Nous avons fait partie de ces nombreux «happy few». Une opportunité pour visiter
Shanghai et raconter le pavillon tunisien. Récit.
Shanghai.12h30. Température: 22°. Ciel couvert. J-3 de l’Exposition
Universelle. Il règne dans la ville une certaine effervescence. Habillée aux
couleurs de l’exposition, Shanghai s’est refait une beauté. En moins de deux
ans, tout y a changé ou presque et très vite. Même si quelques quartiers
sont restés en dehors des transformations qu’a subies la ville, l’ensemble y
est grandiose. A l’image de ce qui se fait dans le pays. Shanghai est-elle
pour autant la Chine ? Loin de vouloir répondre à cette question, il est
incontestable qu’elle en est la vitrine et le laboratoire. Désormais des
gratte-ciels incalculables ont surgi de la terre. On y compterait plus de
3.000 tours qui dépassent les 30 étages. Une sorte de Las Vegas a bel et
bien surgi au pays de Mao.
Shanghai est-elle désormais prête à vivre la fête ? Elle semble en tout cas
prête à exposer et s’exposer. Durant les 184 prochains jours que durera
l’évènement, elle ambitionne de recevoir 70 millions de visiteurs. Dans la
cité, les indications concernant l’exposition universelle sont très
nombreuses. Son logo est partout et sa mascotte omniprésente. On a toutefois
oublié de traduire cette généreuse signalétique dans d’autres langues. En
anglais, tout au moins. Etrange pour un pays qui veut bâtir une vie
meilleure avec le reste du monde ! Alors que la presse chinoise relève ce
point, qui sera résolu dans les jours à venir, d’autres remarquent que le
visuel du pavillon chinois se substitue un peu trop souvent à celui de
l’exposition.
La Chine a changé. Elle est aujourd’hui la nouvelle puissance économique
mondiale mais pas seulement. La Shanghai transformée est à la fois
l’occasion et l’instrument pour afficher la force d’aujourd’hui et la
puissance de demain. L’exposition universelle a été dotée de moyens hors
normes. Des moyens à la hauteur des ambitions et des possibilités de la
Chine. Une image résume parfaitement la démarche: les moyens, la rigueur et
la suprématie. Celle du pavillon chinois qui trône majestueusement sur
l’exposition et sur la ville. Un pavillon qui toise du haut de ses 70 mètres
de hauteur le reste des pavillons.
Dans l’enceinte du site de l’exposition, on l’aperçoit de loin et de
partout. En se promenant, on enregistre le succès de ce pavillon mais
remarque aussi le mouvement des foules qui se dirigent vers les régions Asie
et Europe. Les files sont longues. Elles n’en finissent pas de se faire et
se défaire. Le spectacle des jardins, des ponts, et des surprenantes façades
de certains pavillons valent à elles seules le détour. L’hérisson
britannique avec ses tiges d’acryliques capteurs de lumière rivalise avec la
splendide façade en osier de l’Espagne qui est inspirée du musée Guggenheim
de Bilbao. L’oasis abstraite des Emirats Arabes Unis donne la réplique au
modernisme du pavillon de l’Arabie Saoudite. Le pavillon français défend
quant à lui la ville sensuelle. Recouvert d’une résille de béton, il opte
pour une scénographie dynamique où se déclinent les cinq sens sous forme de
vidéo, d’expériences olfactives et gustatives.

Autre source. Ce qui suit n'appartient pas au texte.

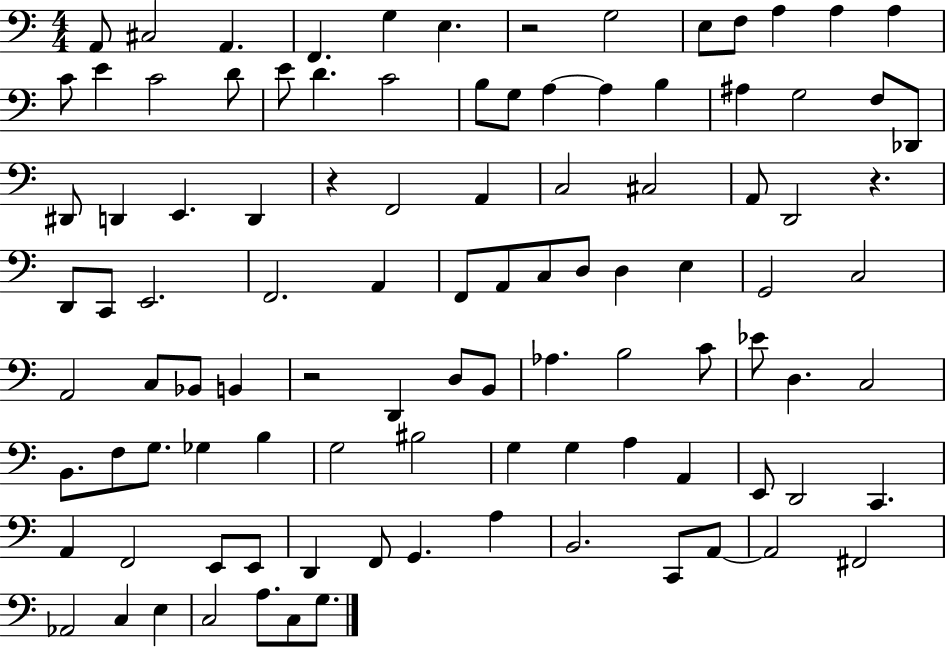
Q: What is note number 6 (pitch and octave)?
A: E3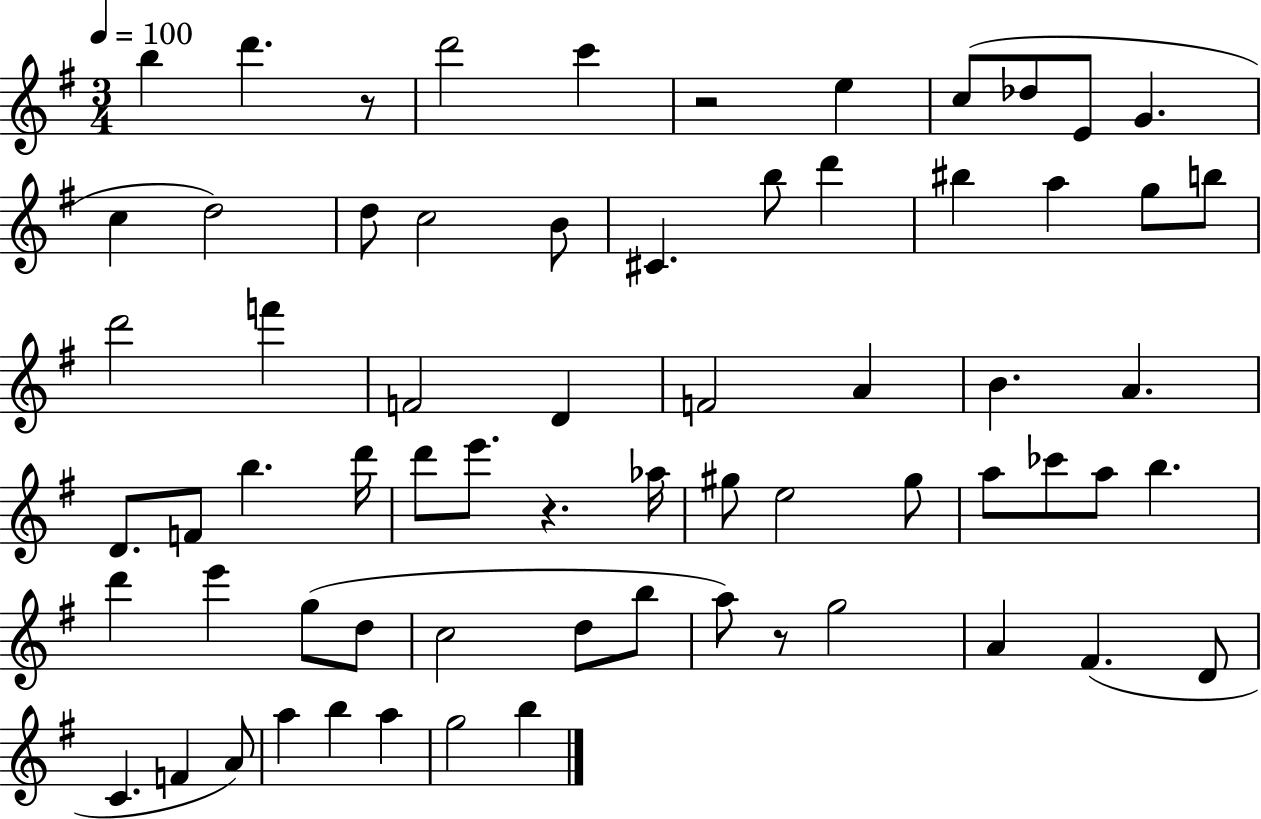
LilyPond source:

{
  \clef treble
  \numericTimeSignature
  \time 3/4
  \key g \major
  \tempo 4 = 100
  b''4 d'''4. r8 | d'''2 c'''4 | r2 e''4 | c''8( des''8 e'8 g'4. | \break c''4 d''2) | d''8 c''2 b'8 | cis'4. b''8 d'''4 | bis''4 a''4 g''8 b''8 | \break d'''2 f'''4 | f'2 d'4 | f'2 a'4 | b'4. a'4. | \break d'8. f'8 b''4. d'''16 | d'''8 e'''8. r4. aes''16 | gis''8 e''2 gis''8 | a''8 ces'''8 a''8 b''4. | \break d'''4 e'''4 g''8( d''8 | c''2 d''8 b''8 | a''8) r8 g''2 | a'4 fis'4.( d'8 | \break c'4. f'4 a'8) | a''4 b''4 a''4 | g''2 b''4 | \bar "|."
}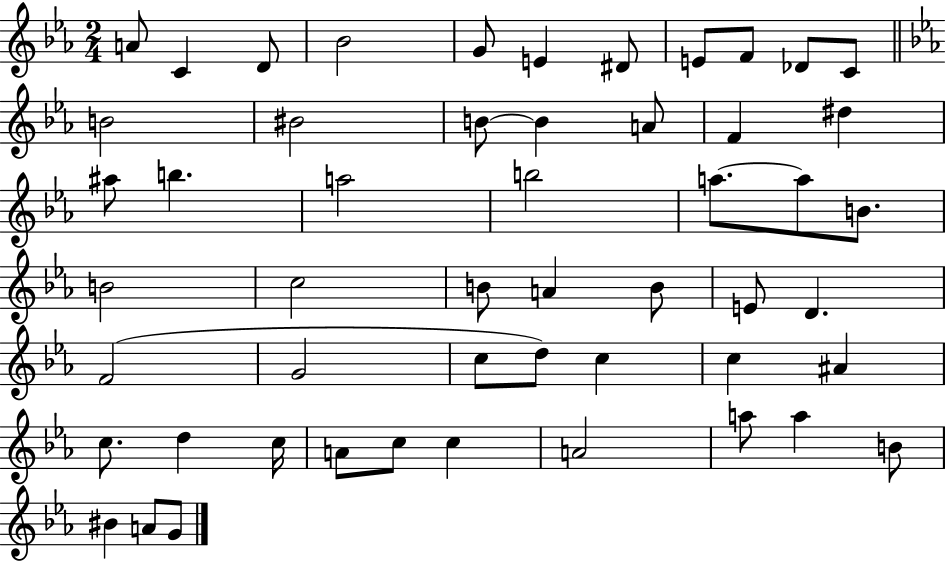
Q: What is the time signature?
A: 2/4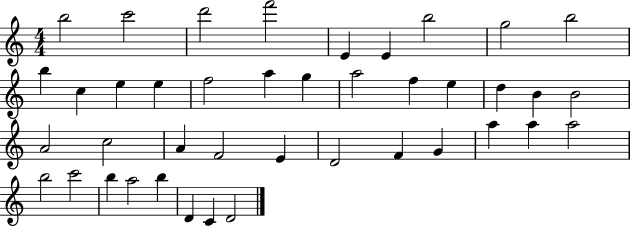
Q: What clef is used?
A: treble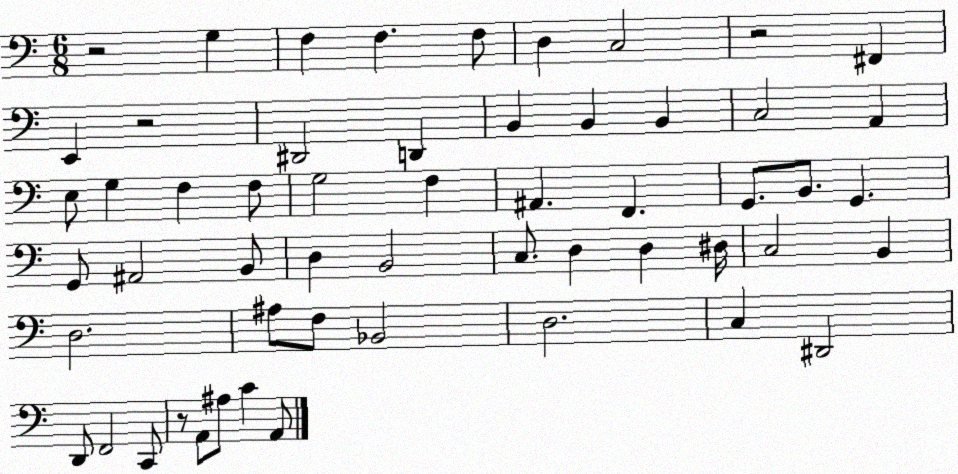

Les pavillons thématiques ne sont pas en reste. Ils concurrencent de beauté
et d’ingéniosité. La palourde géante qui fait office de salle des spectacles
est l’autre clou de l’exposition. Sans parvenir à retenir plus l’attention
que le pavillon de la Chine, elle devient simplement la plus grande salle
polyvalente du monde et peut accueillir jusqu’à 18 000 spectateurs.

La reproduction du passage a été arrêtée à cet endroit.